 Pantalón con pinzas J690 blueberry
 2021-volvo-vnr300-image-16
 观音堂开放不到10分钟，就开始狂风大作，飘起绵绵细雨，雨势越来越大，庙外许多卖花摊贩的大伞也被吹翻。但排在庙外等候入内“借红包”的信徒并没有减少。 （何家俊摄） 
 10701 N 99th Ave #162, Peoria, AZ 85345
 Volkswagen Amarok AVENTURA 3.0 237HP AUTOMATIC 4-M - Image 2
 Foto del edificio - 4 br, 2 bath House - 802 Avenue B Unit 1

------

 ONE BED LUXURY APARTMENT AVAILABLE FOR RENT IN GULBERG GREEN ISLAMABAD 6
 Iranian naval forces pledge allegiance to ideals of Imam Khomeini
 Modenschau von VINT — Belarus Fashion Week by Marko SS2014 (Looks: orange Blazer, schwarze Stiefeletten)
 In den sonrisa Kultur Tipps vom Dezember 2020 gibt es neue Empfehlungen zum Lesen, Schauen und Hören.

------

== ASSIGNED TASK ==
Take the entries above and return only the lines from the one with "Volkswagen Amarok AVENTURA" to the one with "Foto del edificio", both included, unchanged.

== WRITTEN ANSWER ==
 Volkswagen Amarok AVENTURA 3.0 237HP AUTOMATIC 4-M - Image 2
 Foto del edificio - 4 br, 2 bath House - 802 Avenue B Unit 1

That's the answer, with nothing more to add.